*What this task involves*. Extract each line of the material that follows exactly and omit its pictures.

*Given material*.
=== Begin Enclosure ===

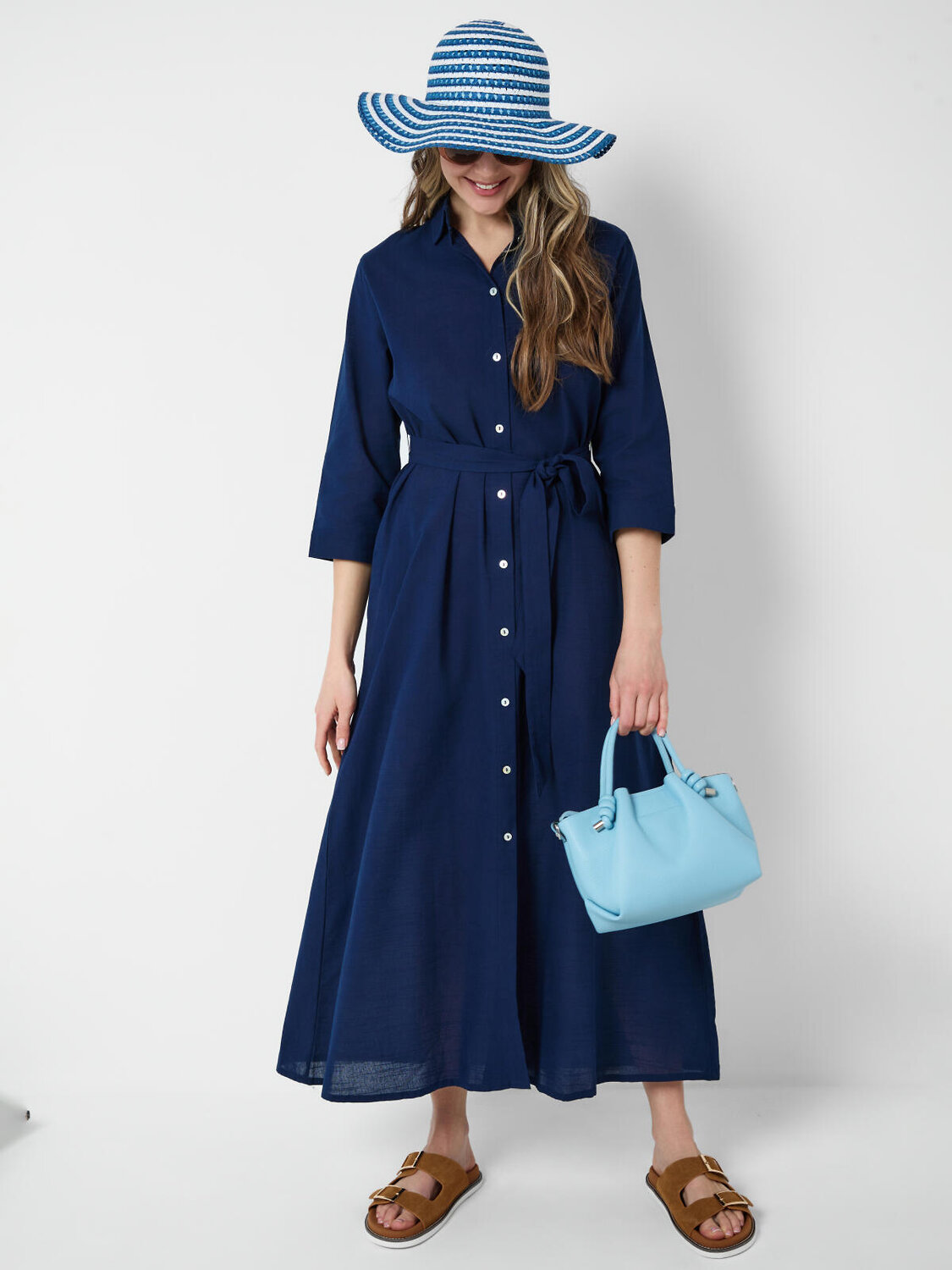 PLAYTODAY Шляпка 590295 12666296 белый,синий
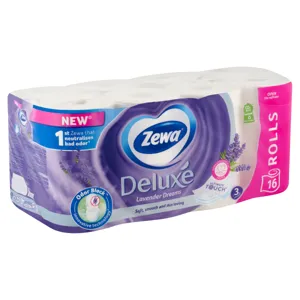 Zewa Deluxe Lavender Dreams toalettpapír 16 tekercs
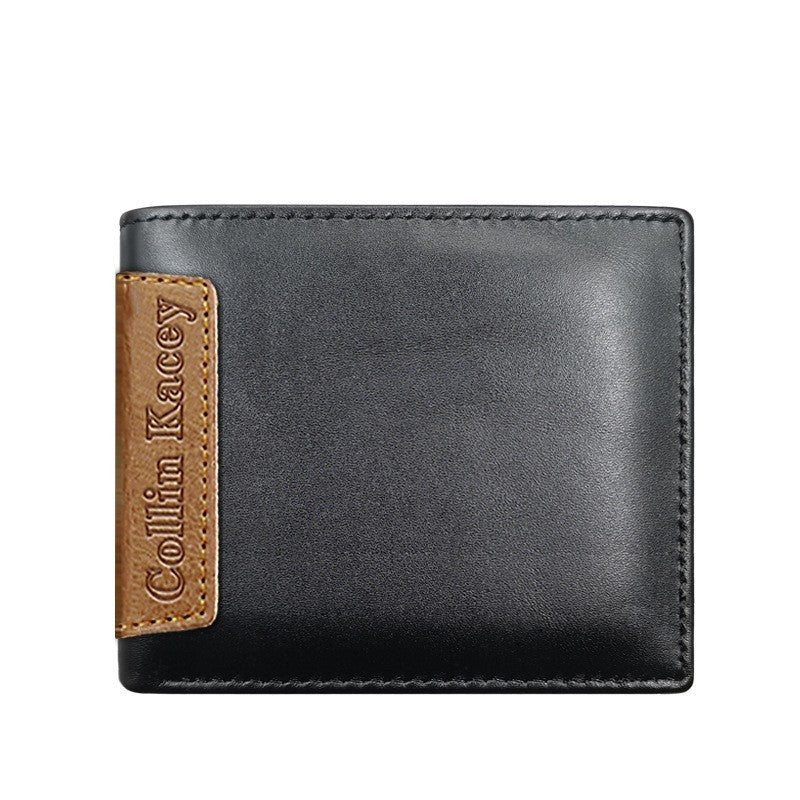 Short Cowhide Men's Wallet Fashion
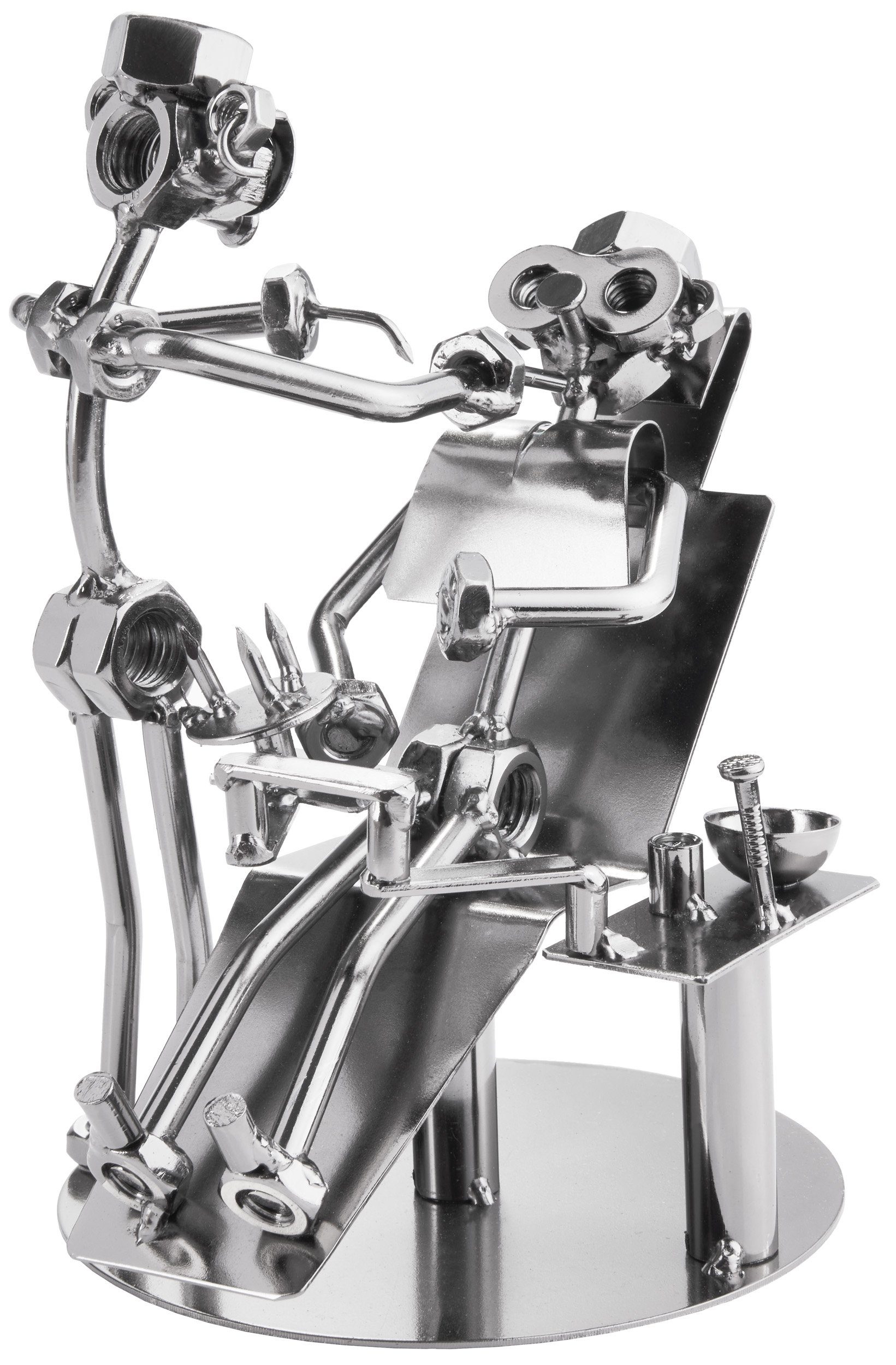 BRUBAKER Dekofigur Metallskulptur Schraubenmännchen Zahnarzt (1 St., Metall günstig online kaufen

=== End Enclosure ===

*Answer section*.
 PLAYTODAY Шляпка 590295 12666296 белый,синий
 Zewa Deluxe Lavender Dreams toalettpapír 16 tekercs
 Short Cowhide Men's Wallet Fashion
 BRUBAKER Dekofigur Metallskulptur Schraubenmännchen Zahnarzt (1 St., Metall günstig online kaufen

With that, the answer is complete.